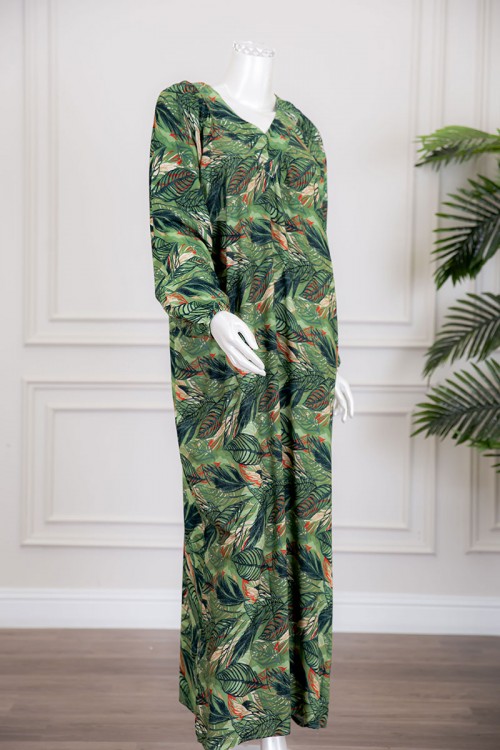 قميص نسائي جامبو طويل لون أخضر مشجر بياقة سبعة ذو أكمام طويلة بزم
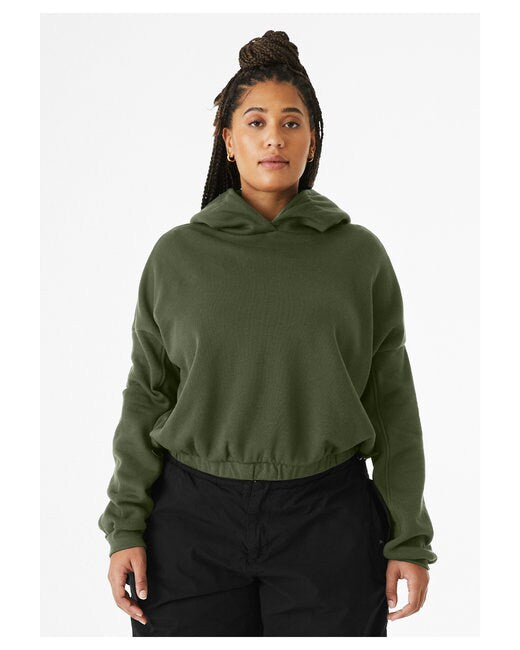 Bella + Canvas® Ladies Sponge Fleece Cinched Bottom Hooded Sweatshirt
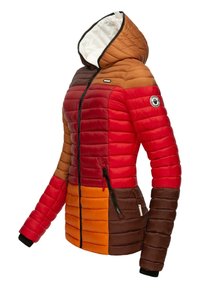 Padded jacket with a hood, featuring horizontal color blocks in red, orange, brown, and tan. Includes a front zipper and side pockets.
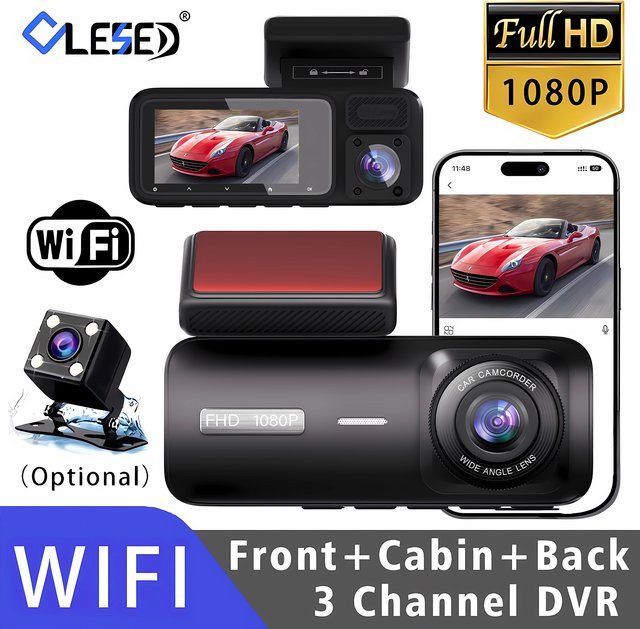 3-Kanal WLAN Dashcam mit Full HD 1080P und OLED-Display, Dreifach-Fahrzeugkamera inklusive Innenraumaufnahme, Schwarz - Bild 1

*About this task*:
Please reproduce verbatim the lines from the line with "Padded jacket with" through the final line of the listing, inclusive of both ends. Omit all pictures.

*Solution to the exercise*:
 Padded jacket with a hood, featuring horizontal color blocks in red, orange, brown, and tan. Includes a front zipper and side pockets.
 3-Kanal WLAN Dashcam mit Full HD 1080P und OLED-Display, Dreifach-Fahrzeugkamera inklusive Innenraumaufnahme, Schwarz - Bild 1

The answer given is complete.